Every record in traces.jsonl with span_name: dgt.llm_call corresponds to one batched LLM call. Spans are written by the LMProvider block after each call completes.

Field	Description
`span_name`	Always `dgt.llm_call`
`provider`	Block type: `ollama`, `openai`, `anthropic`, etc.
`model_id`	The `model_id_or_path` value used
`method`	`completion` or `chat_completion`
`batch_size`	Number of requests in this call
`duration_ms`	Pure API latency (excludes semaphore wait time)
`semaphore_wait_ms`	Time spent waiting for a concurrency slot
`prompt_tokens`	Token count from the provider response
`completion_tokens`	Token count from the provider response
`task_names`	Deduplicated list of task names whose data was in this batch. Present when input dicts include `task_name`
`build_id` / `run_id`	Links the span to its run

Example record:

{
  "span_name": "dgt.llm_call",
  "provider": "ollama",
  "model_id": "granite4:3b",
  "method": "chat_completion",
  "batch_size": 10,
  "duration_ms": 4821,
  "semaphore_wait_ms": 12,
  "prompt_tokens": 1840,
  "completion_tokens": 312,
  "task_names": ["public/examples/geography_qa"],
  "build_id": "abc123",
  "run_id": "def456"
}

Token attribution with multi-task completion batches

When using completion mode with a multi-task run, a single API call may contain requests from several tasks. In that case task_names lists all of them, but prompt_tokens and completion_tokens are for the entire batch, not per task. For per-task token attribution, prefer single-task runs or chat_completion mode (which always sends one request per task item).

Payload recording

By default, prompts and completions are not written to telemetry files. To include them for debugging, set DGT_TELEMETRY_RECORD_PAYLOADS=1. Each span will then carry prompt or messages and completion fields, truncated to DGT_TELEMETRY_PAYLOAD_MAX_CHARS characters (default 4096). A payload_truncated: true flag is set when truncation occurs.

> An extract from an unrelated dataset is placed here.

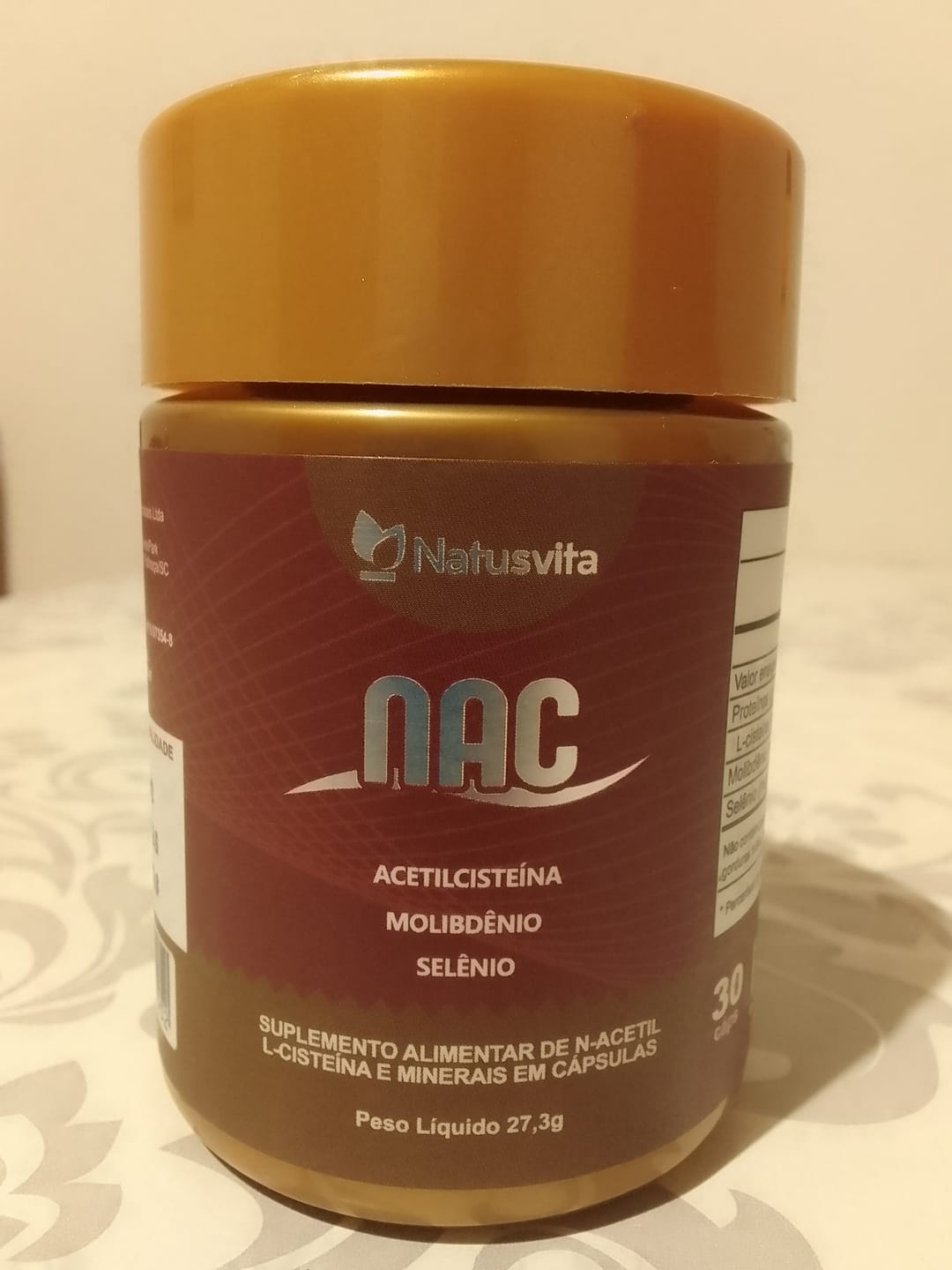 Customer photo review of NAC (N-Acetil Cisteína 600mg) com Molibdênio e Selênio em Cápsulas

Payload recording and sensitive data

Prompts and completions may contain seed examples, generated outputs, or document content. Do not enable payload recording in environments where that data is sensitive, and ensure the telemetry/ directory is excluded from version control (it is in .gitignore by default).

Environment variables

Variable	Default	Description
`DGT_TELEMETRY_DIR`	`telemetry/`	Directory for telemetry output files
`DGT_TELEMETRY_DISABLE`	(unset)	Set to any non-empty value to disable all telemetry file writing
`DGT_TELEMETRY_RECORD_PAYLOADS`	(unset)	Set to `1` to include prompts and completions in spans
`DGT_TELEMETRY_PAYLOAD_MAX_CHARS`	`4096`	Maximum characters per payload field

Disabling telemetry

DGT_TELEMETRY_DISABLE=1 python -m fms_dgt.public \
  --task-paths ./tasks/public/examples/qa/task.yaml \
  --restart

When disabled, no files are written and no overhead is incurred. All other run behavior is unchanged.